'Where the lamb touches bottom, the ox or the cow swims and where the cow swims the elephant forges ahead, and the water goes over his head.'
This is a pretty parable from which one may derive a great deal. My lord St. Augustine says scripture is like the deep sea. The little lamb denotes a simple, humble person who is able to fathom scripture. The ox that swims denotes coarse-grained people: each of these takes out what suits him. But by the elephant that forges ahead we are given to understand clever people who search the scriptures and plunge into them.
…Now what is the meaning of this? St.

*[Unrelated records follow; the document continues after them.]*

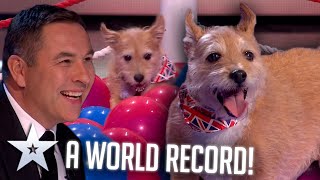 cute dog sets a new world record live shows bgt series 9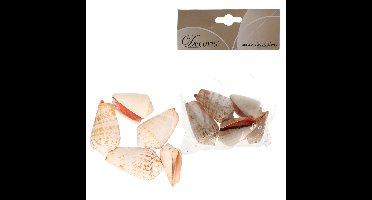 Decoris namaak schelpen - 5x zakjes - nep zeeschelpen - zeeslak - 4 cm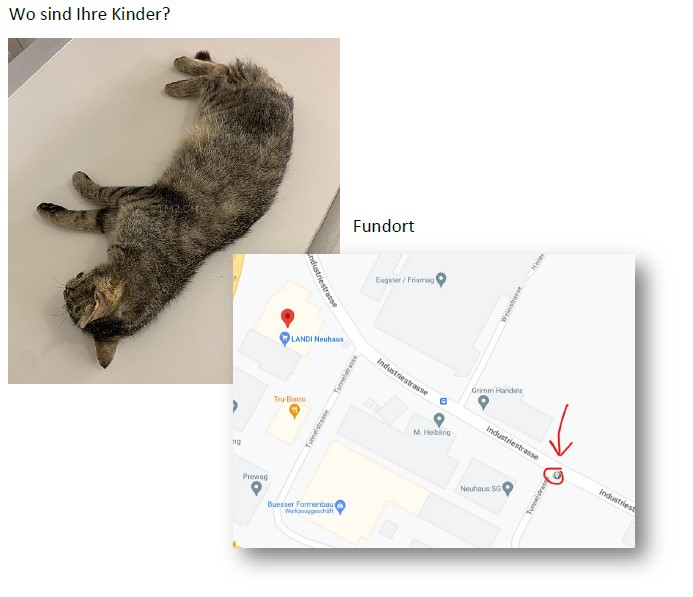 getötete Mutterkatze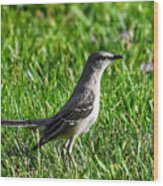 Mockingbird In Grass Wood Print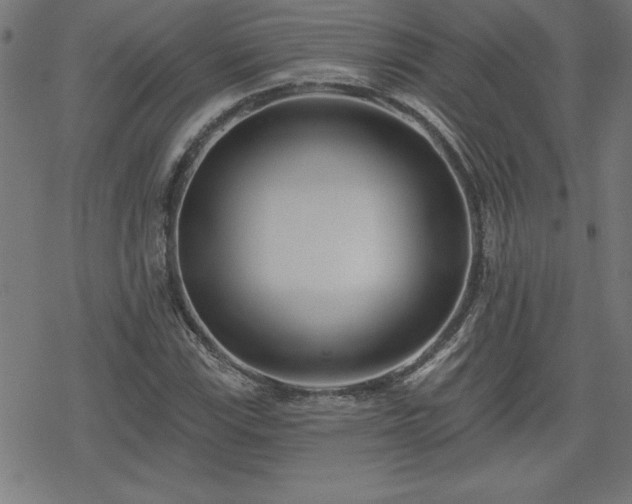 X0000078311115200611101221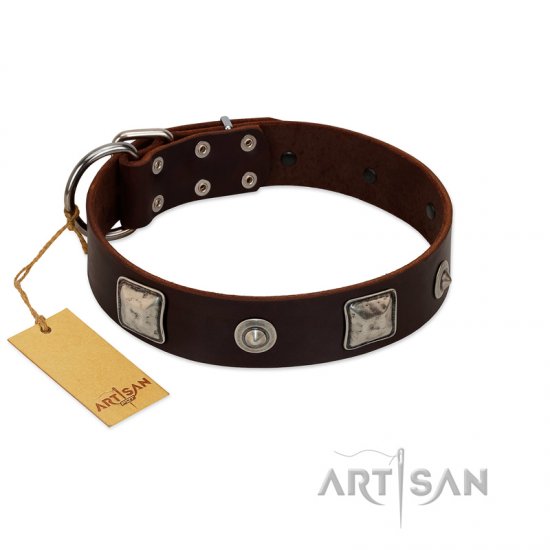 "Gothic Adornments" FDT Artisan Amazing Brown Leather Dog Collar with Silver-Like Adornments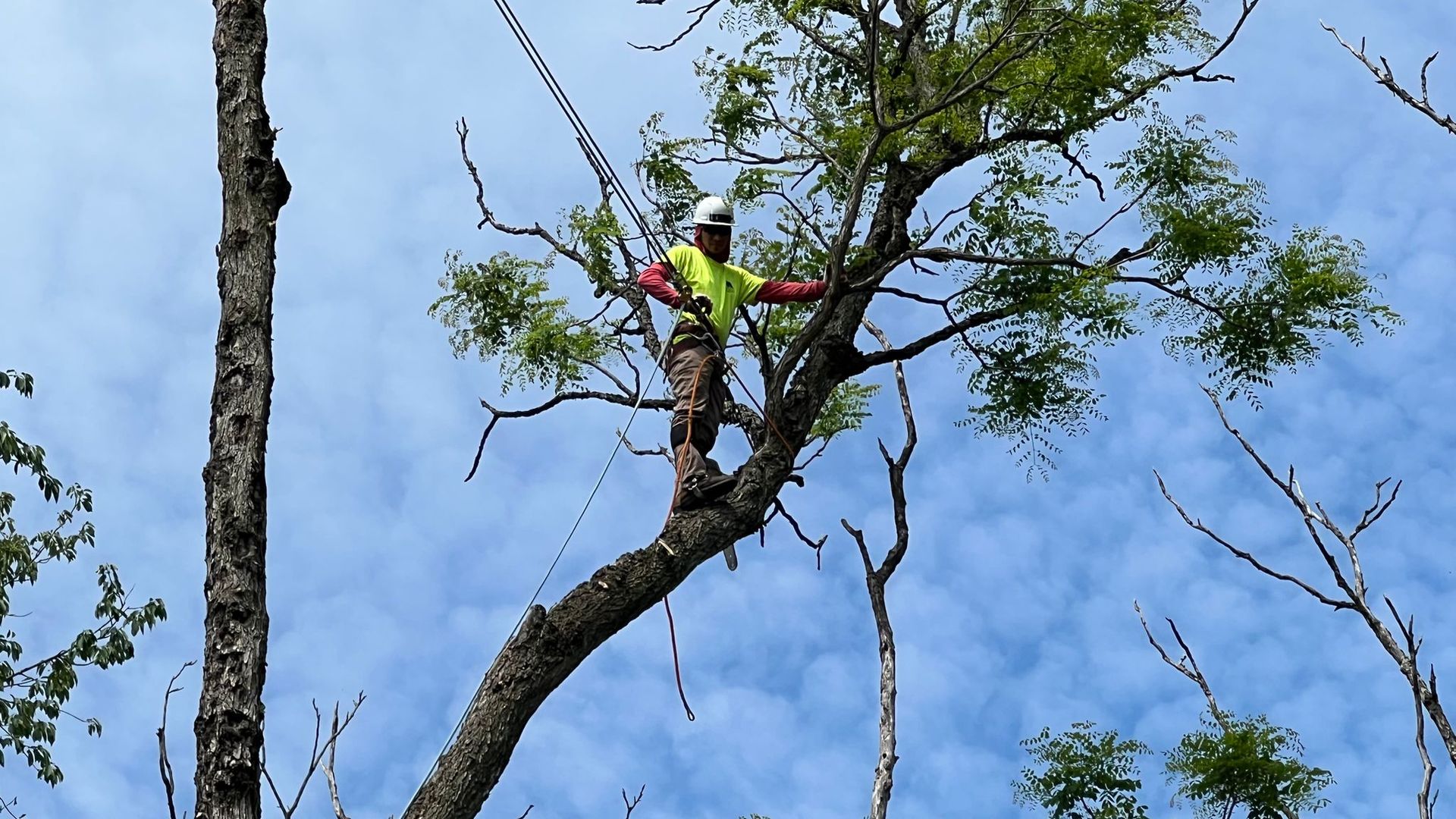 EXPRESS TREE SERVICES 410-501-7997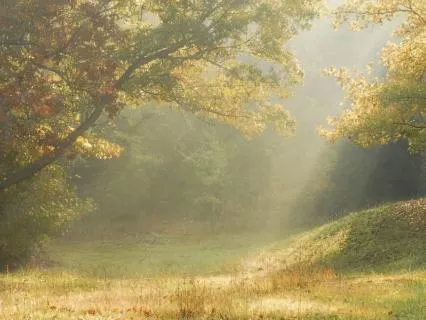 Blue Sky In My Heart - String Orchestra & Nature Sounds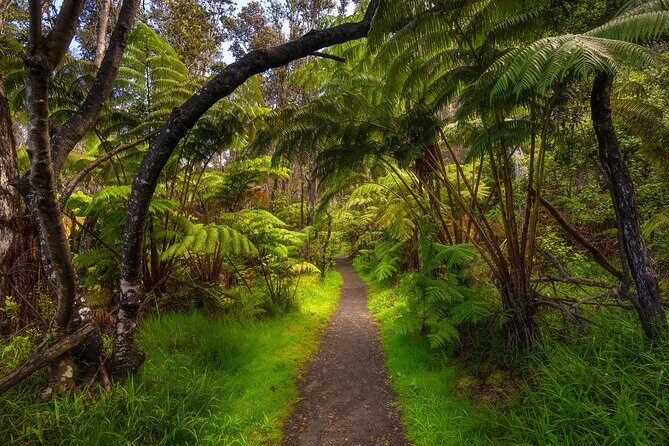 Expert Led Private Guided Tour Hawaii Volcanoes National Park - A Deep Dive Into the Hawaii Volcanoes National Park Guided Tour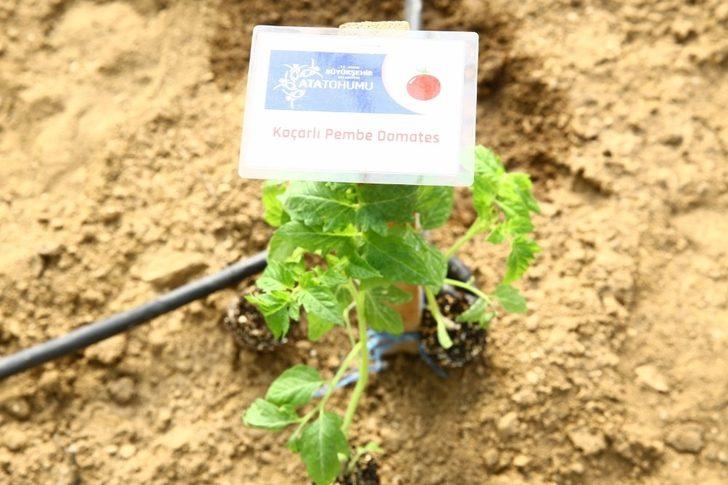 Büyükşehir Ata tohumlarını toprakla buluşturdu G5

Augustine says in the beginning scripture looks laughingly at young children, and attracts a child to it, but at the end, when one wants to fathom scripture, it makes fools of the wise: and none is so simple-minded but he can find what suits him there, and there is none so wise that when he tries to fathom it, he will not find it deeper yet and discover more in it. Whatever we may hear, and whatever anyone can tell us, contains another, hidden sense. For whatever we understand here is as different from the way it really is, and the way it is in God, as if it did not exist at all.
—Meister Eckhart, Sermon 83
The metaphor of the elephant entering Buddha's mother is that of memory entering Being: an enormous creature which is alive becoming active within that part of Being which gives birth to a new and higher understanding.
That part of being is female, receptive, fertile, and fecund.
Meister Eckhart oft refers to the soul as a female entity, and, indeed, throughout all sensibly founded matters of spirit, when we encounter the image of femininity in general and women in particular, in their deeper meaning they represent the soul and its capacity for receiving the energy of the Holy Spirit.